The Crown Point Bridge Gateway is part of a broader initiative to address gaps in Leeds’ existing cycle network, incorporating 2.71km of two-way protected cycle tracks, wider pavements, and safer crossings.
The Council aims to achieve a 33% increase in walking and a 400% increase in cycling by 2030 by providing safer options for walking and cycling. Progress toward this objective has been evident over the past year, with an increase in both walking and cycling journeys in the city centre.
The newly established route offers an alternative to driving into the city, expanding and connecting Leeds’ cycling network. It provides direct cycle routes to Hunslet, Elland Road, White Rose, and Stourton Park & Ride, as well as proximity to e-bike docking stations available for hire through the Leeds City Bikes scheme.
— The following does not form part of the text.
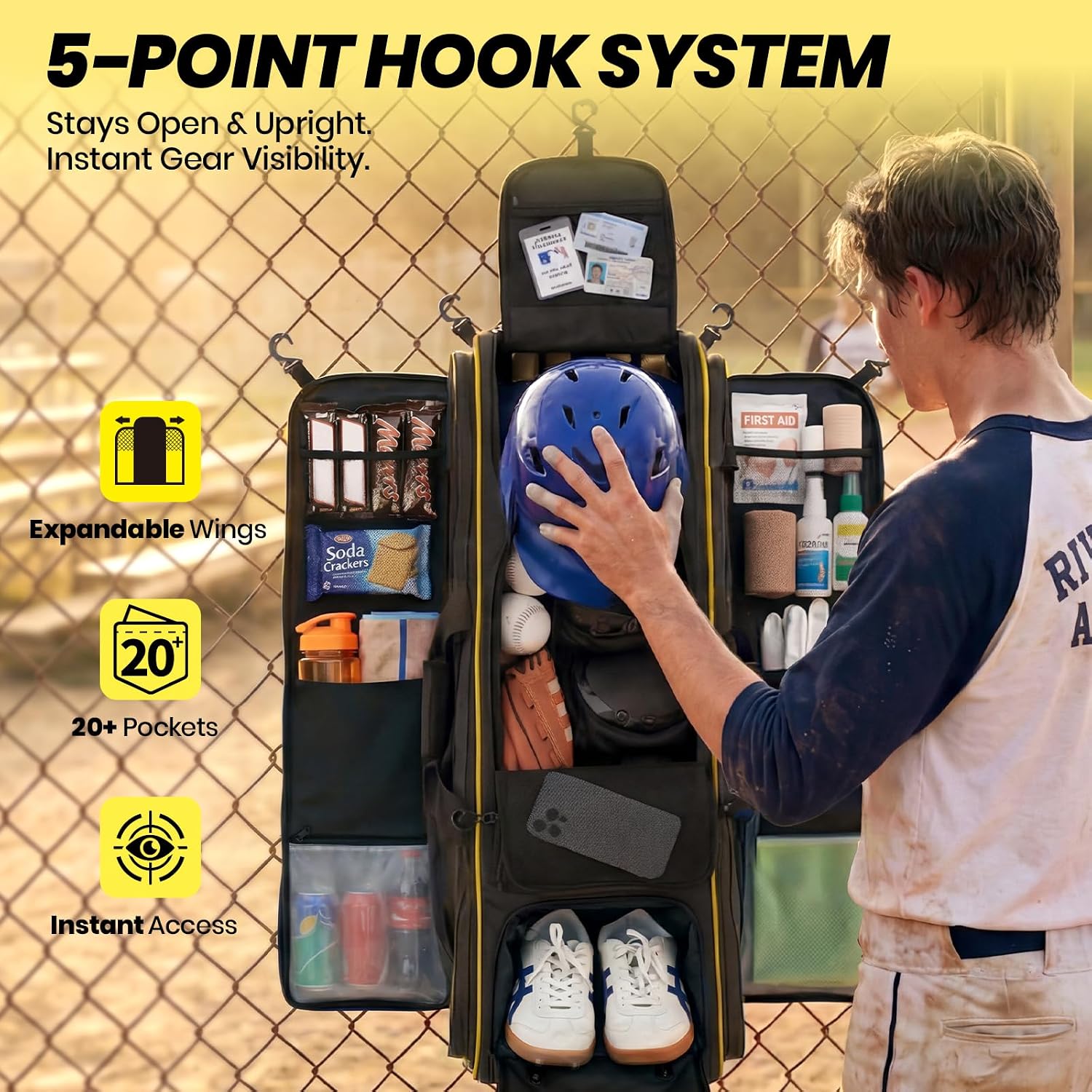 حقيبة معدات بيسبول بسعة 100 لت - مراجعة Sports Equipment Bag With Wheels وسعره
Councillor Helen Hayden, executive member for sustainable development and infrastructure, said; “I am thrilled to see the finished improvements to the Crown Point Bridge Gateway and it provides a vital route into the city which is already well used by commuters and cycle users. I’d also like to thank everyone for their patience whilst the work was ongoing.
“We’re making good progress with our targets to increase walking and cycling in the city and schemes like this give even more people the opportunity to try alternative methods of travel for getting around.
“By increasing the opportunities for giving cycling a go, more people will be able to embrace cycling as a normal everyday activity for getting to and from key destinations and it will help our ambition to reduce reliance on car travel for shorter journeys.”
Both the e-bike hire scheme and the cycle network improvements are being delivered by Leeds City Council in partnership with the West Yorkshire Combined Authority.
Tracy Brabin, Mayor of West Yorkshire, said; “This investment in Leeds city centre is just one of the ways we’re working together to make West Yorkshire a better place to live and work.
“Changing our travel habits is about having access to different options.
“A reliable and inclusive transport network, which puts cycling and walking at the heart of our everyday lives, is key to our plans for a stronger and better-connected region.”
Other ongoing or nearing completion projects within the cycling network improvements package include Western Gateway (Kirkstall Road to Wellington Street A65), Dewsbury Road Connector (Dewsbury Road and Parkfield Street), and Southern Gateway (Neville Street and Sovereign Street). These projects fall under the Transforming Cities Fund programme by the Combined Authority, focusing on facilitating easier walking, cycling, and public transport use.